EXERCISE: From the line containing "Configurer Touch ID" through the last line of the entries, output the text exactly. Pictures stay out.

STUDY MATERIAL:

******

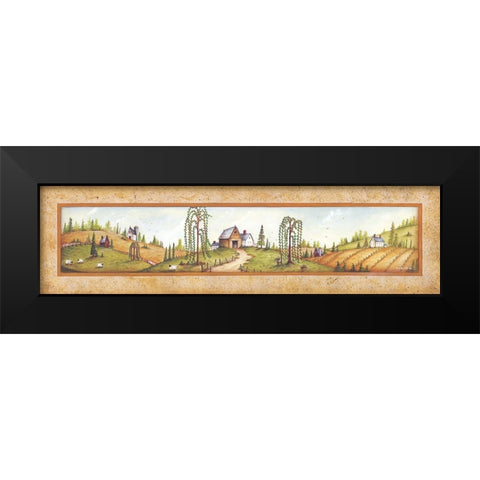 Summer Time Black Modern Wood Framed Art Print by June, Mary Ann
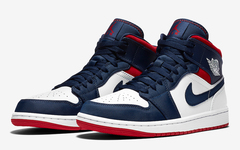 美国主题配色 Air Jordan 1 Mid 曝光！庆祝美国独立日！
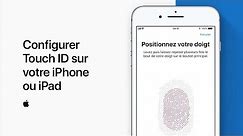 Configurer Touch ID sur votre iPhone ou iPad - Assistance Apple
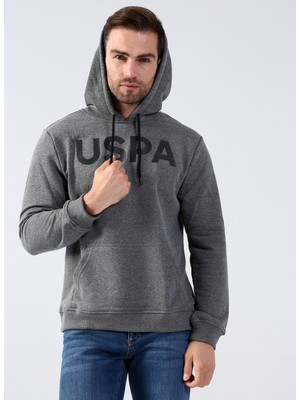 U.s. Polo Assn. Kapüşon Yaka Gri Erkek Sweatshirt GUYSK022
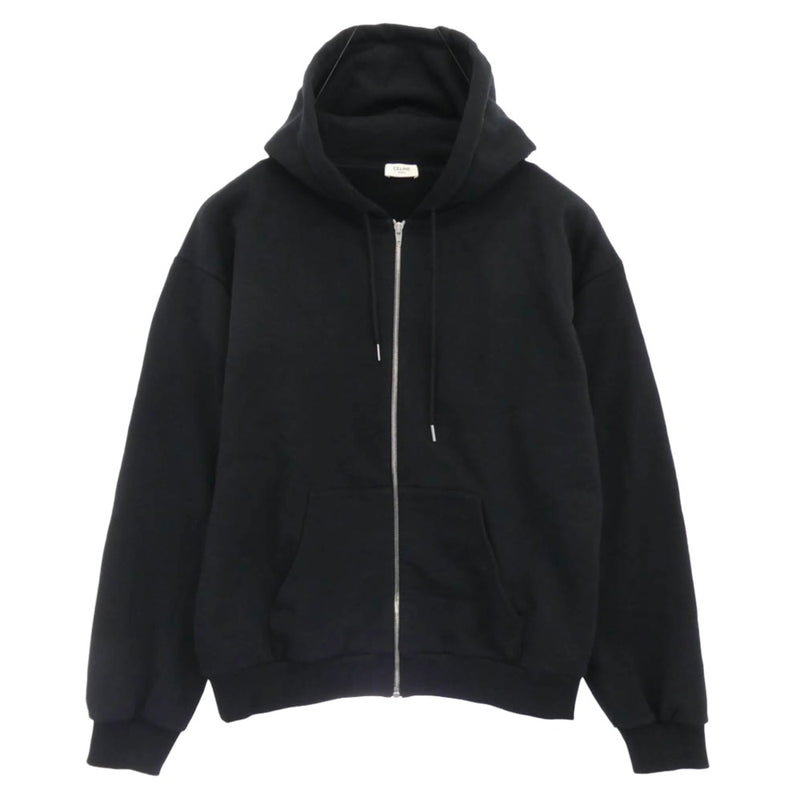 CELINE セリーヌ 2Y497670Q コットン フードロゴプリント ルーズフーディー パーカー ブラック系 1【中古】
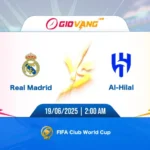 Soi kèo Real Madrid vs Al Hilal 02h00 ngày 19/6/2025 - FIFA Club World Cup 2025
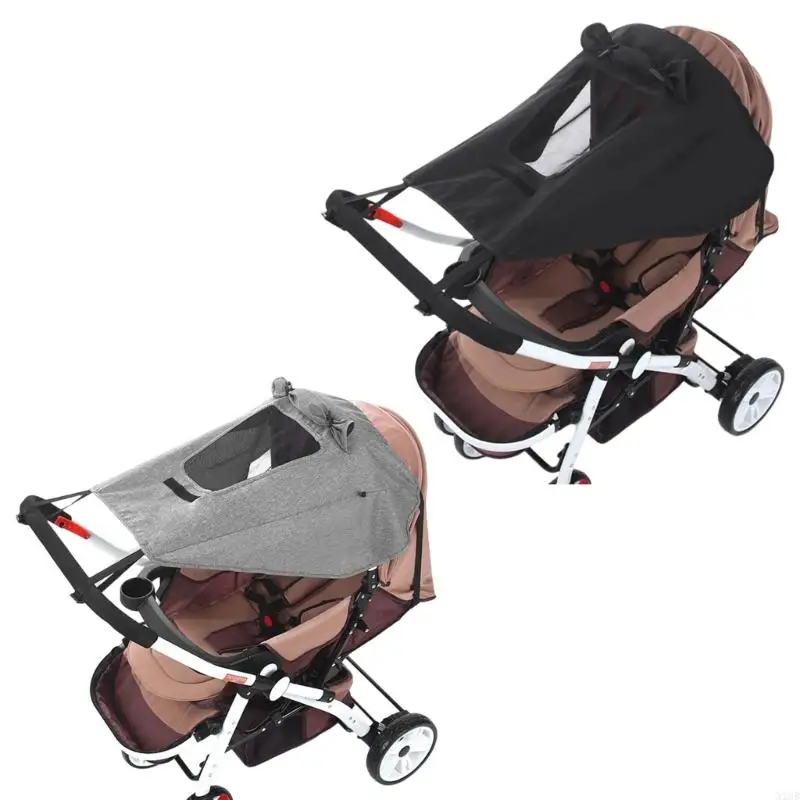 

N1HB Baby Strollers Sunshade Pram Cover Rain Protections with Adjustable Strap Fixing for Outdoor Travel Daily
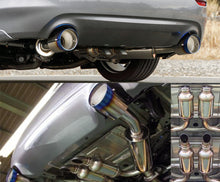 Load image into Gallery viewer, HKS Q50 VQ37 Dual Hi-Power Titanium Tip Catback Exhaust - 32009-BN005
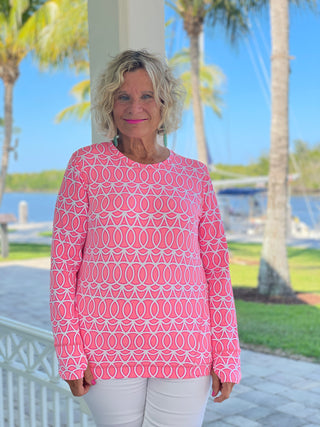 CANDY PINK THUMB HOLE TOP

******

EXPECTED ANSWER:
 Configurer Touch ID sur votre iPhone ou iPad - Assistance Apple
 U.s. Polo Assn. Kapüşon Yaka Gri Erkek Sweatshirt GUYSK022
 CELINE セリーヌ 2Y497670Q コットン フードロゴプリント ルーズフーディー パーカー ブラック系 1【中古】
 Soi kèo Real Madrid vs Al Hilal 02h00 ngày 19/6/2025 - FIFA Club World Cup 2025

N1HB Baby Strollers Sunshade Pram Cover Rain Protections with Adjustable Strap Fixing for Outdoor Travel Daily
 Load image into Gallery viewer, HKS Q50 VQ37 Dual Hi-Power Titanium Tip Catback Exhaust - 32009-BN005
 CANDY PINK THUMB HOLE TOP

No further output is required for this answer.